SINGAPORE: Singapore's core inflation rate in May remained unchanged from the previous month, as retail and food inflation broadly offset a steeper decline in the cost of electricity and gas.
Core inflation - which excludes the costs of accommodation and private road transport - came in at 1.3 per cent year-on-year in May, said the Monetary Authority of Singapore (MAS) and the Ministry of Trade and Industry (MTI) in a press release on Monday (Jun 24).
However, Consumer Price Index (CPI)-All Items inflation rose to 0.9 per cent year-on-year in May, up from 0.8 per cent in April.
This was driven by a more modest decline in accommodation costs as well as higher private road transport, retail and food inflation, which outweighed a larger fall in electricity and gas costs, said MAS and MTI.
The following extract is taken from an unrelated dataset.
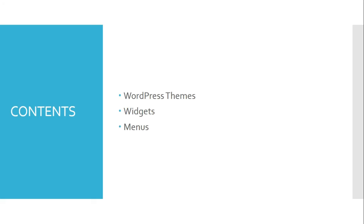Hello. In this learning dialogue, we are going to give focus on the WordPress themes, widgets, and menus.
The cost of private road transport rose by 1.5 per cent year-on-year in May, higher than the 1.1 per cent increase in the previous month.
This was mainly driven by a steeper rise in car prices, which more than offset a smaller increase in petrol prices.
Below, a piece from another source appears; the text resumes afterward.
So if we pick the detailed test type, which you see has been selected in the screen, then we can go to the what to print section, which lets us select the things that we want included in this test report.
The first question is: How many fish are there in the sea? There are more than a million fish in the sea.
Services inflation came in at 2 per cent year-on-year in May - unchanged from the previous month.
This was mainly due to a stronger pickup in holiday expenses being offset by a larger decline in the cost of telecommunication services fees, as well as smaller increases in airfares and recreational and cultural services fees.
The cost of electricity and gas fell by 4 per cent on a year-on-year basis - a steeper decline than the 2.8% drop in April - due to the dampening effect of the phased nationwide launch of the Open Electricity Market (OEM) on electricity prices, said MAS and MTI.
Meanwhile, the overall cost of retail items edged up by 0.5 per cent year-on-year in May, compared to the 0.2 per cent rise in April.
Accommodation costs fell at a more moderate pace of 1.0 per cent in May, compared to the 1.4 per cent drop in the previous month, while food inflation rose slightly to 1.4 per cent year-on-year in May, higher than the 1.3 per cent in April.
External sources of inflation are "likely to be benign" for the rest of 2019, said MAS and MTI.
The authorities expect core inflation to come in near the mid-point of the forecast range of 1 per cent to 2 per cent.
Private road transport costs could pick up slightly in 2019 compared to last year, while accommodation costs are likely to decline at a slower pace this year, they added.